- _Exercise data_
=======
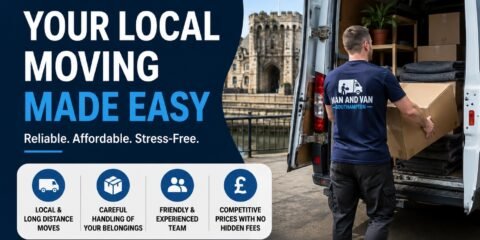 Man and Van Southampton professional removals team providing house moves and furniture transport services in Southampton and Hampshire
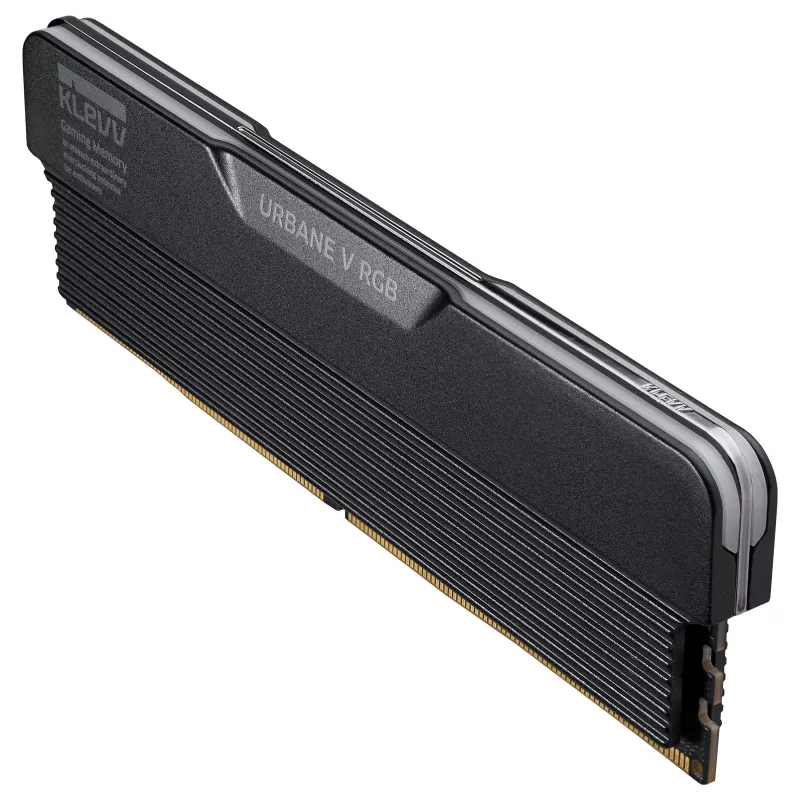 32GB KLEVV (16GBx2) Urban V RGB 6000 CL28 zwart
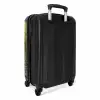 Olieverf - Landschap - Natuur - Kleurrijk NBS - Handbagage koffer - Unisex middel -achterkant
=======
- _Directions for this task_
Could you give again precisely the lines from the one containing "32GB KLEVV (16GBx2)" through the final line of the material above, both included, and no others, dropping the pictures?

- _Answer to this problem_
 32GB KLEVV (16GBx2) Urban V RGB 6000 CL28 zwart
 Olieverf - Landschap - Natuur - Kleurrijk NBS - Handbagage koffer - Unisex middel -achterkant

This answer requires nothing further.